= Matthew Bullock =

Matthew Bullock was a black American accused of inciting a riot, who fled to Canada and became a cause célèbre in the early 1920s.

== 1921 incident ==
In Norlina in Warren County, North Carolina on 18 January 1921, Bullock's brother Plummer attempted to return 10 cents worth of bruised apples that a white store clerk had switched for the ones that the 19-year-old Bullock had originally chosen. The storekeeper refused to exchange the apples, and a heated argument broke out; as other white men entered the store, Plummer Bullock left. Four nights later, an angry and armed white mob set out to "punish" Bullock for his "insolence"; they were met by a group of African American men determined to protect their neighborhood from the advancing mob. A gunfight ensued, injuring a number of men on both sides. Immediately thereafter, a deputized white mob swept into the Black neighborhood and arrested between 14 and 18 men; all were charged with "inciting to riot," while some were also charged with intent to murder. Plummer Bullock was among this group, though his brother Matthew was not captured. The men were all jailed in the county seat of Warrenton.

The next night, a white mob stormed the jail and lynched Plummer Bullock and his distant cousin Alfred Williams (whom many contend was with him in the confrontation at the store). Matthew Bullock fled town, and eventually made it to Canada. There he settled in Hamilton, Ontario working in the construction industry.

== Arrest and imprisonment ==
When he was located in Canada in 1922, the state of North Carolina demanded his extradition, and Bullock was imprisoned in the Hamilton jail for immigration violations. In Canada he became a cause celebre as activists insisted that he would not receive a fair trial due to his race if extradited to North Carolina, and could face the same fate as his brother. The campaign for his release was led by the congregation of St. Paul's African Methodist Episcopal Church (In 1937 St. Paul's was renamed Stewart Memorial Church), Rev. J. D. Howell and Asst. pastor John Christie Holland. Also very involved was the newspaper The Globe which gave extensive coverage to the case. There were five editorials about the case in the New York Times. In the United States the NAACP campaigned on Bullock's behalf, but the white residents of Norlina circulated a petition demanding his extradition. North Carolina Governor Cameron A. Morrison pressured the State Department to have Bullock returned to face trial.

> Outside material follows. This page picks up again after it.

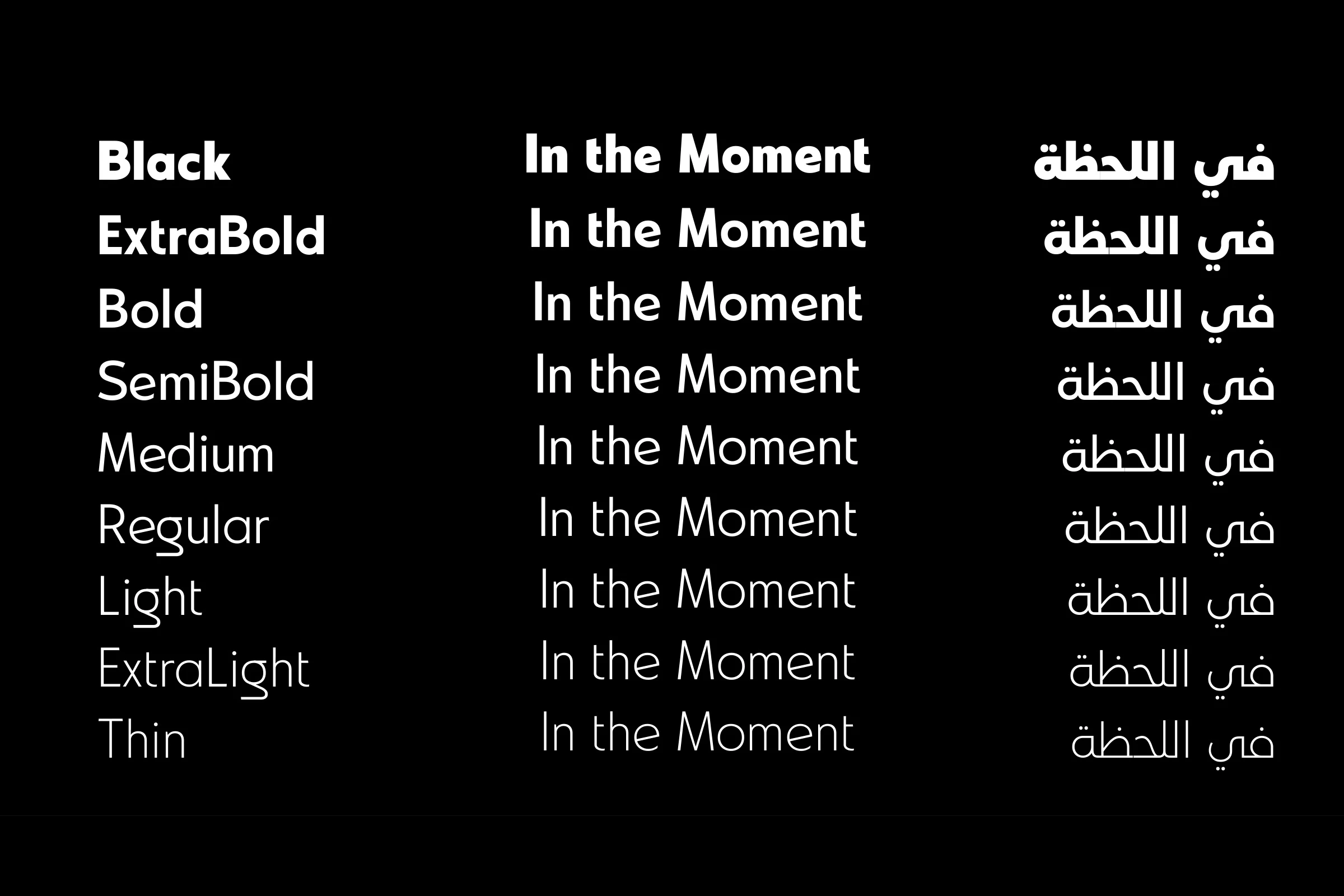 TC Postman from Black to Thin: the weight names, In the Moment and في اللحظة in white on black.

On January 26, 1922 Charles Stewart, the Canadian minister of the interior, announced that Bullock would be released from detention in Hamilton, and that his illegal entry into Canada would be forgiven due to his exemplary behaviour while living in Canada. Only a few weeks later, however, the Americans reiterated their demands for extradition and Bullock was again arrested. The judge in Bullock's extradition hearing, Colin George Snider, demanded that prima facie evidence of Bullock's guilt be presented before he would be extradited. Since almost all the evidence was eyewitness accounts, this would have required the government of North Carolina to send witnesses to Hamilton. Governor Morrison rejected this, stating, "I am not going to try North Carolina’s honor and integrity before any judge in any foreign country" and the Canadian judge released Bullock.

== Later life ==
Bullock's later life is unclear. Some reports were that he went to England, others that he remained in Canada, though he is known to have sometimes visited his family in Washington, DC.